-- EXERCISE PROMPT --
The required output is the lines from the one with "Sporty & Rich" through the end of the data, repeated verbatim, with no pictures included.

-- SOURCE DATA --
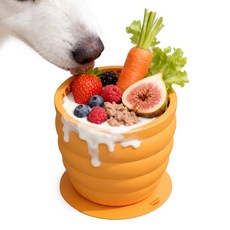 NUTRIVIO 애견 슬로우식기 분리불안 흡반 실리콘 고양이 강아지밥그릇 식기 장난감, 1개, 옐로우L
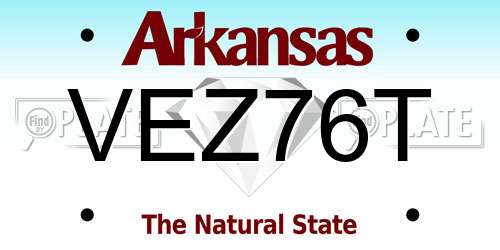 VEZ76T Arkansas License Plate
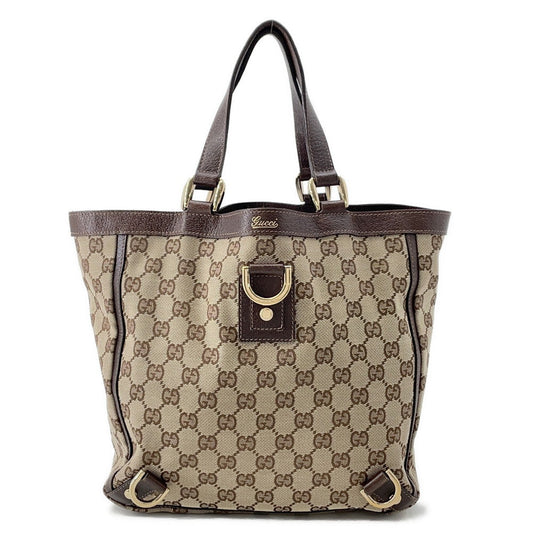 GUCCI GG Canvas Abbey Tote Bag Brown130739 Canvas Leather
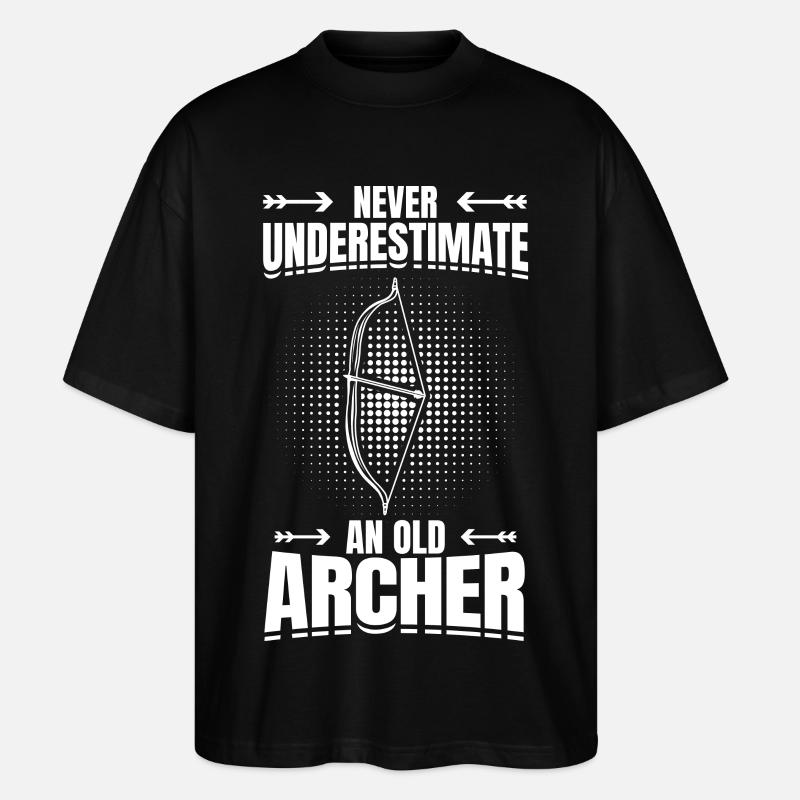 Never Underestimate An Old Archer - Stanley/Stella Oversized Unisex Bio T-Shirt Blaster 2.0 - Schwarz
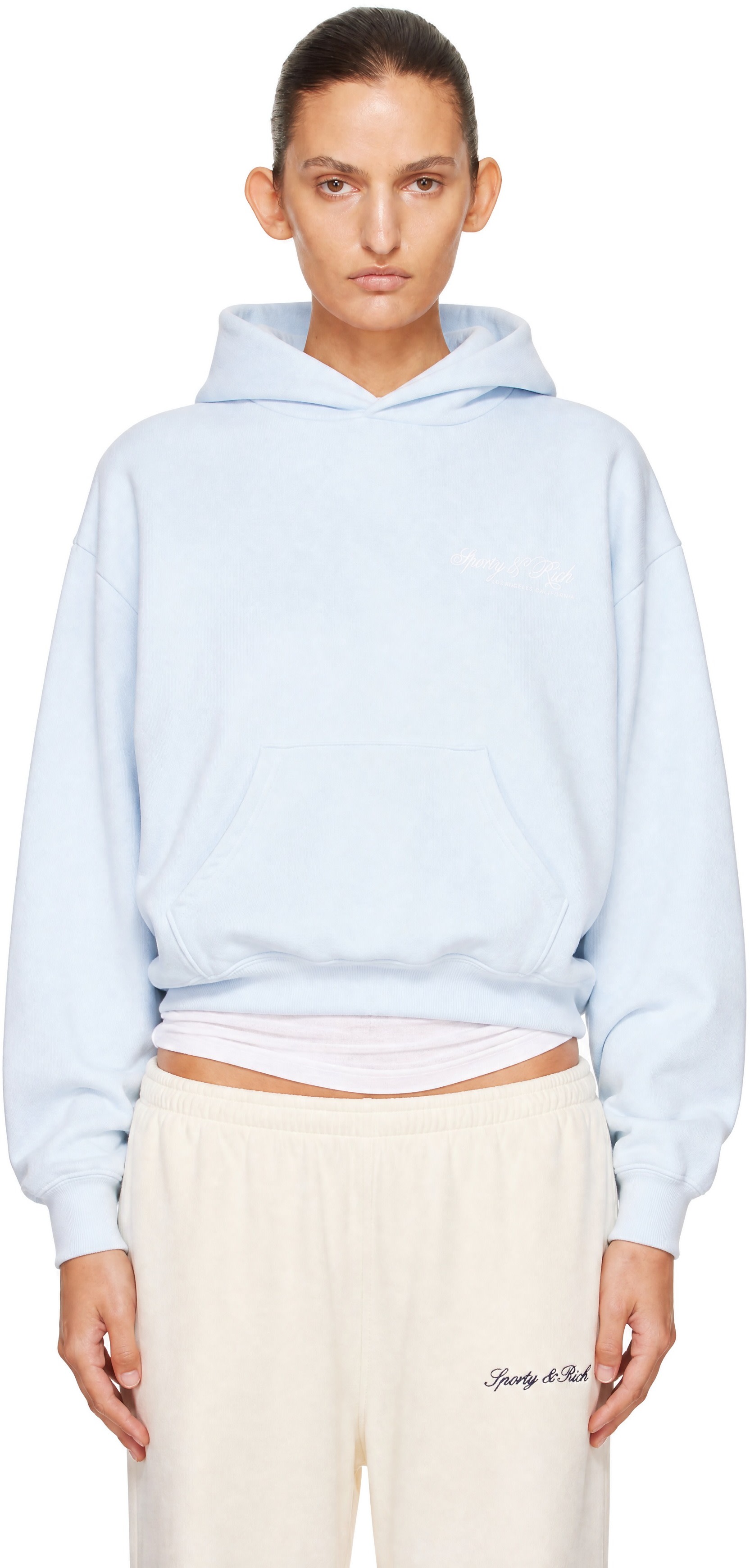 Sporty & Rich - Pull à capuche International bleu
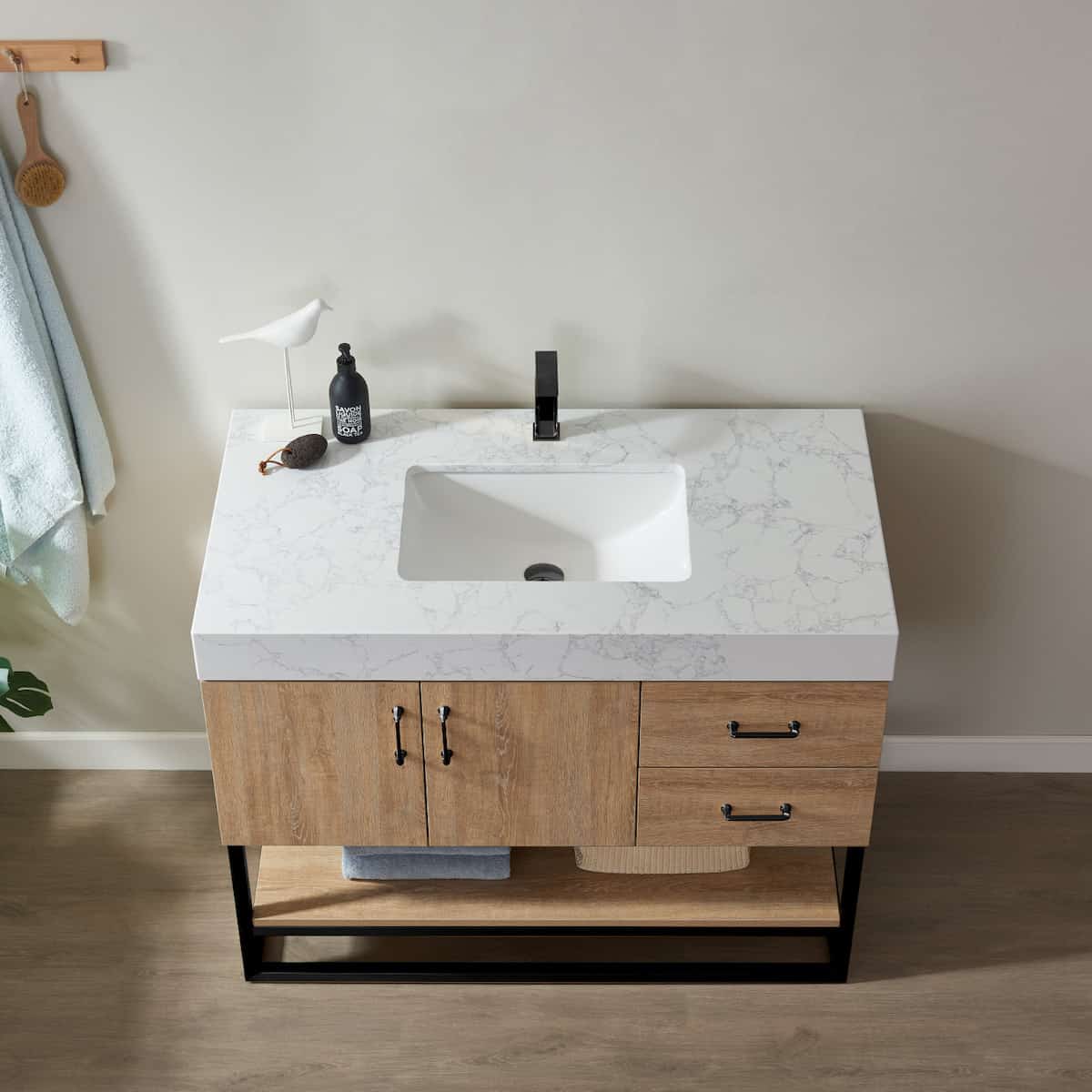 Vinnova Alistair 42 Inch Freestanding Single Vanity in North American Oak and Matte Black Frame with White Grain Stone Countertop Without Mirror Sink 789042B-NO-GW-NM
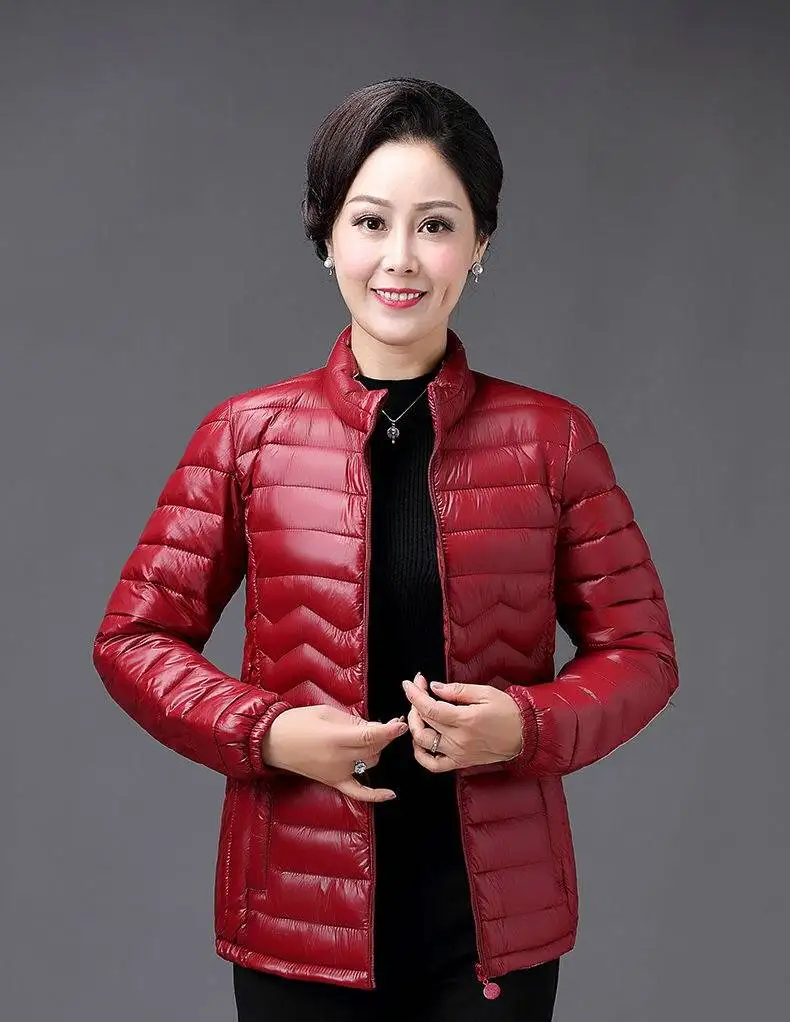 Mom's Thin Cotton Jacket Short Tops Winter Jacket Women Coat Korean Slim Plus size Female Parka Coat warm pattern Padded parka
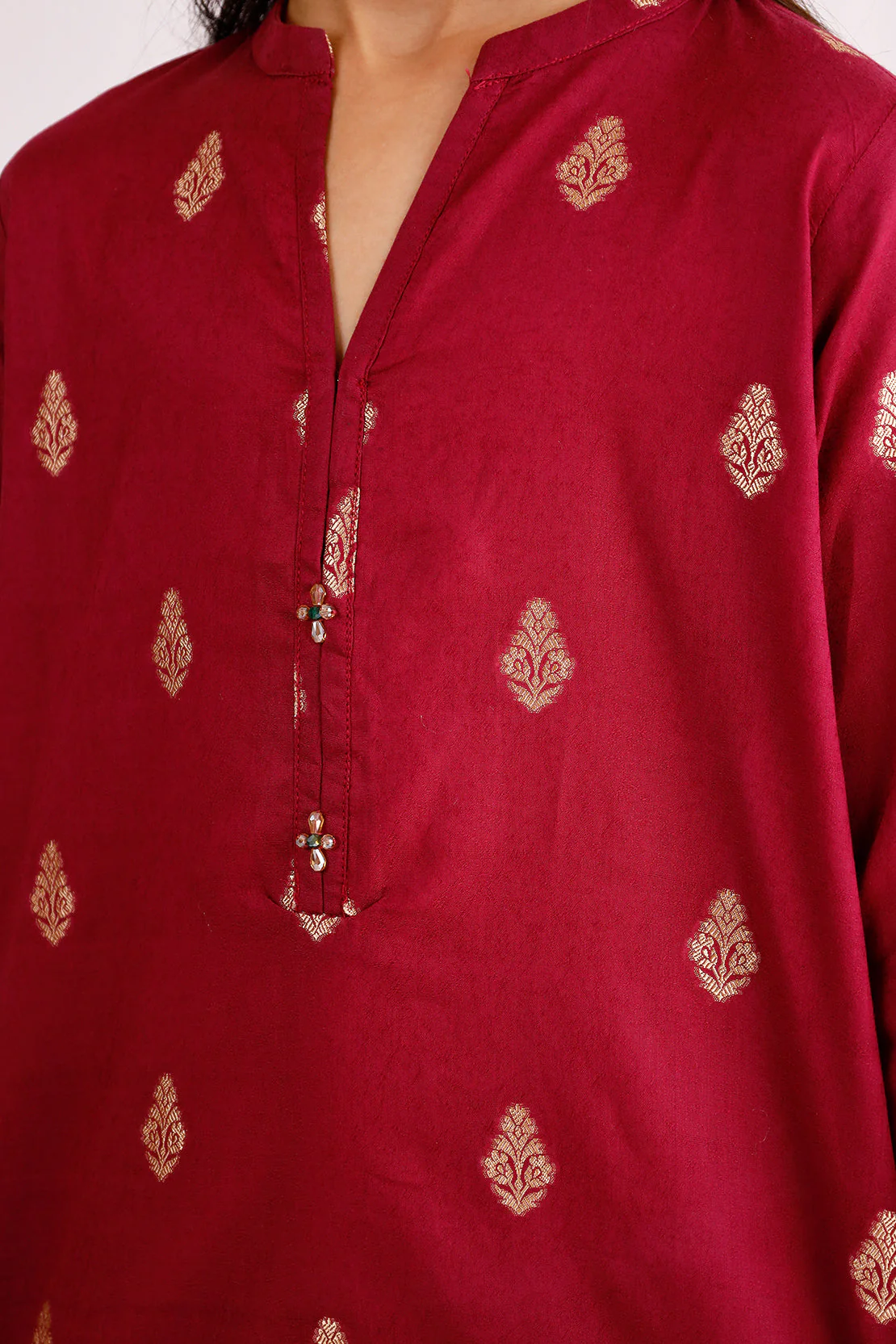 Stitched Cotton Jacquard Shirt/trouser For Kids - Image 4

-- OUTPUT FOR THIS EXERCISE --
 Sporty & Rich - Pull à capuche International bleu
 Vinnova Alistair 42 Inch Freestanding Single Vanity in North American Oak and Matte Black Frame with White Grain Stone Countertop Without Mirror Sink 789042B-NO-GW-NM
 Mom's Thin Cotton Jacket Short Tops Winter Jacket Women Coat Korean Slim Plus size Female Parka Coat warm pattern Padded parka
 Stitched Cotton Jacquard Shirt/trouser For Kids - Image 4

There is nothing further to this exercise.